Rechtliche Beurteilung
[7] Der Delegierungsantrag des Beklagten ist berechtigt.
[8] Nach § 31 Abs 1 JN kann aus Gründen der Zweckmäßigkeit auf Antrag einer Partei anstelle des zuständigen Gerichts ein anderes Gericht gleicher Gattung zur Verhandlung und Entscheidung bestimmt werden. Eine Delegierung darf nur den Ausnahmefall darstellen und soll nicht zu einer Durchbrechung der an sich maßgeblichen gesetzlichen Zuständigkeitsordnung führen. Gegen den Willen der anderen Partei kann die Delegierung daher nur dann ausgesprochen werden, wenn die Frage der Zweckmäßigkeit eindeutig zu Gunsten aller Parteien des Verfahrens gelöst werden kann (RS0046589 ua).
[9] Eine Delegierung ist nur dann zweckmäßig, wenn die Rechtssache bei einem anderen Gericht aller Voraussicht nach rascher und mit geringerem Kostenaufwand zu Ende geführt werden kann (RS0046333; RS0053169). Für die Zweckmäßigkeit der Delegierung ist deshalb vor allem der Wohnsitz der Parteien und der namhaft gemachten Zeugen maßgeblich (RS0046540). Ein Delegierungsantrag kann aber auch dann begründet sein, wenn die Ansprüche, welche mit verschiedenen Klagen bei verschiedenen Gerichten geltend gemacht werden, untereinander im Zusammenhang stehen (RS0046528 [T20]), und insbesondere dann, wenn durch Verbindung von zwei Prozessen eine doppelte Beweisaufnahme vermieden und eine nicht unerhebliche Kostenersparnis erzielt werden kann (RS0046528 [T12]).

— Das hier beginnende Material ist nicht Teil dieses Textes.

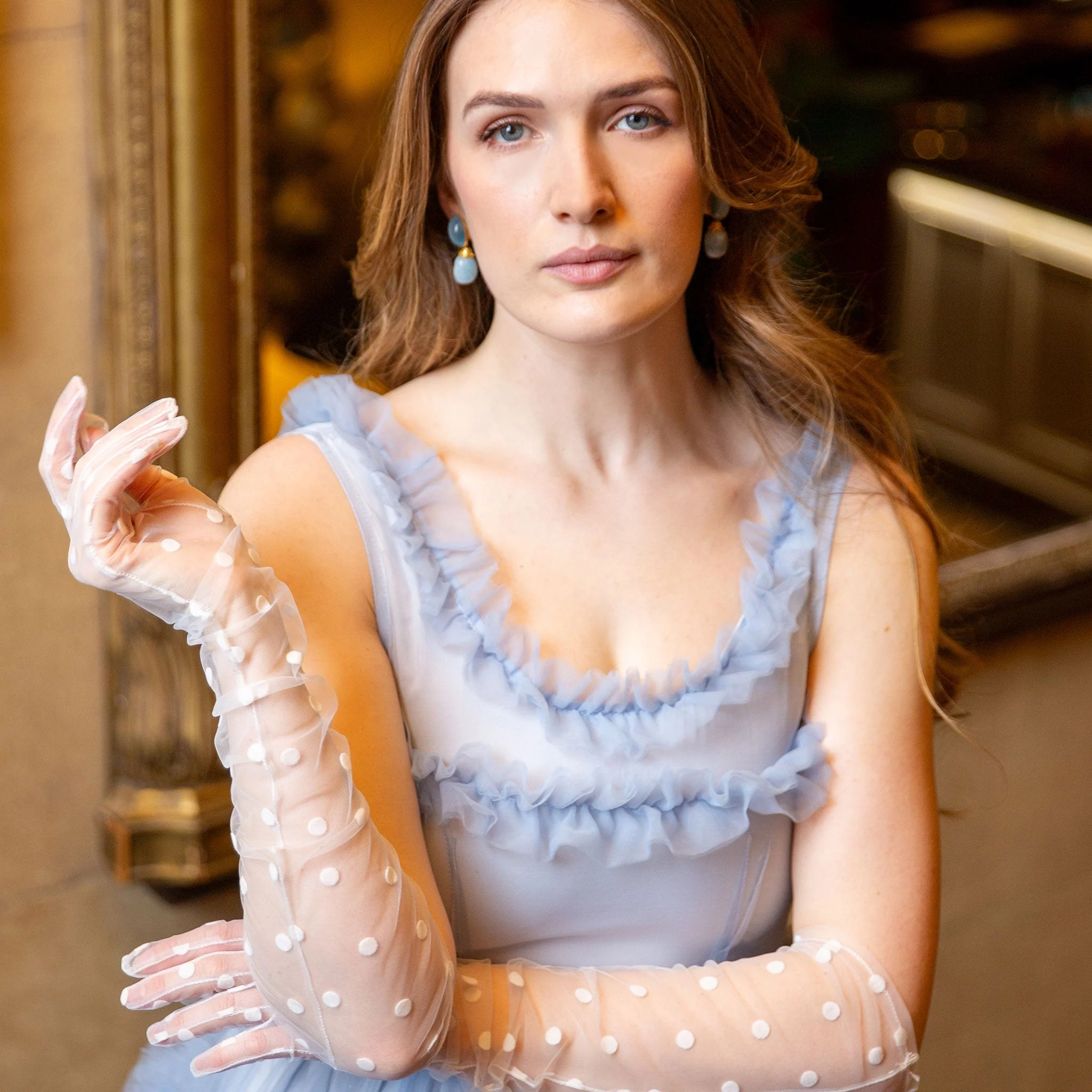 Women’s Long Opera Spotty Tulle Gloves - Image 2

[10] Sämtliche bisher beantragten Beweispersonen haben ihre ladungsfähige Adresse im Sprengel des Landesgerichts Innsbruck. Dass nach den Behauptungen der Klägerin der von ihr beantragte Regionalleiter Exklusivvertrieb West in ganz Österreich tätig ist, ist unerheblich, weil dem Gericht vor der Ladung des Zeugen nicht bekannt sein wird, wann dieser in Wien aufhältig sein wird. Die Erreichbarkeit des Arbeits‑ und Sozialgerichts Wien mit öffentlichen Verkehrsmitteln von Tirol aus ist ebenso irrelevant, steht es doch außer Zweifel, dass das Landesgericht Innsbruck von den Tiroler Ladungsadressen der Beweispersonen wesentlich leichter, kostengünstiger und schneller aufgesucht werden kann als das Arbeits‑ und Sozialgericht Wien.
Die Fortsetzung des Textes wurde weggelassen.